[Records for this task]

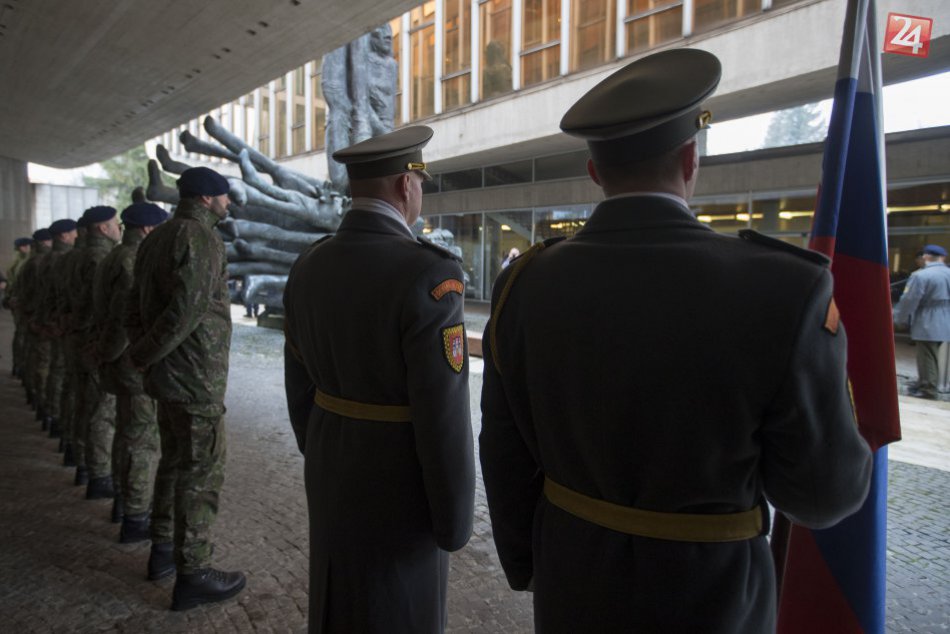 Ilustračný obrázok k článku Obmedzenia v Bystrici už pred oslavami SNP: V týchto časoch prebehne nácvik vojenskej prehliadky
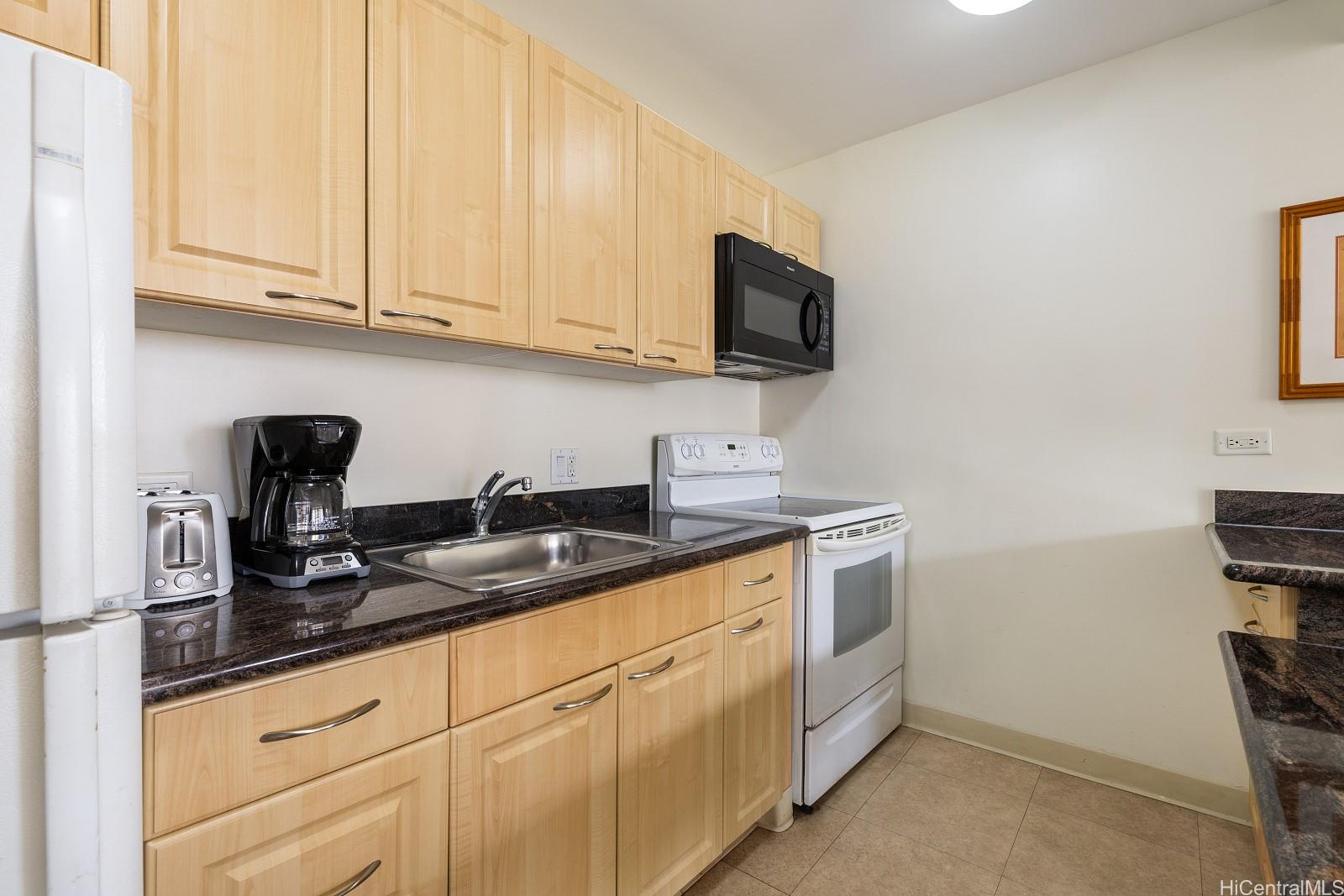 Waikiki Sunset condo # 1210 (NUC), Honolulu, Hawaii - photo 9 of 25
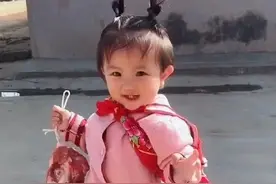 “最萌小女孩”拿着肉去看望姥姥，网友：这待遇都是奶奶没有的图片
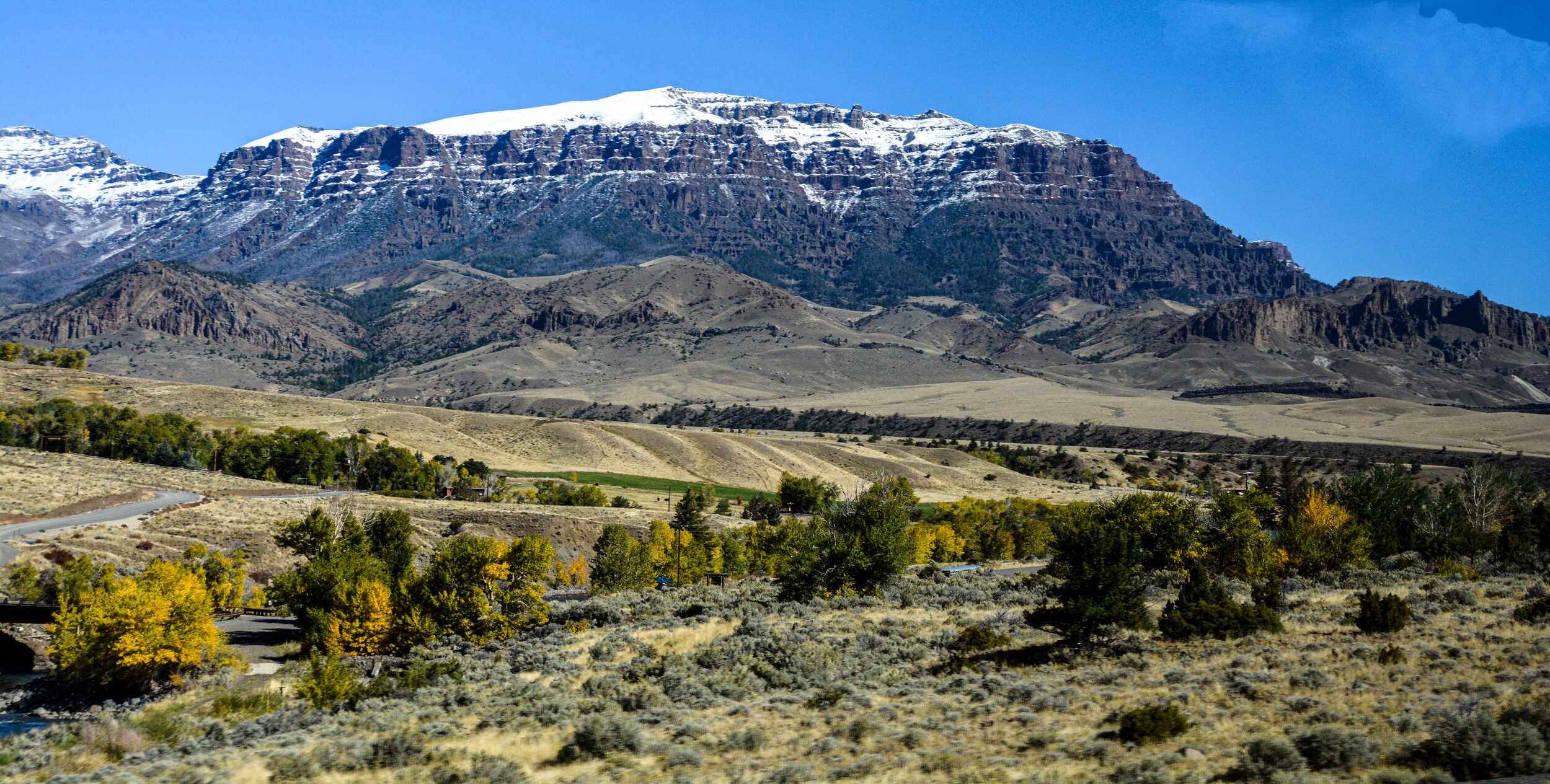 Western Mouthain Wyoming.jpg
--
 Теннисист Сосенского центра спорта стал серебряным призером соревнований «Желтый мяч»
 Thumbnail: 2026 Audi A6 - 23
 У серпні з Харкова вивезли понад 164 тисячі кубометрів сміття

[What you need to do]
All lines in the listing above between the line with "Thumbnail: 2026 Audi A6 - 23" and the line with "У серпні з Харкова", inclusive, should be set down exactly, and no line outside that range.

[Result of this task]
 Thumbnail: 2026 Audi A6 - 23
 У серпні з Харкова вивезли понад 164 тисячі кубометрів сміття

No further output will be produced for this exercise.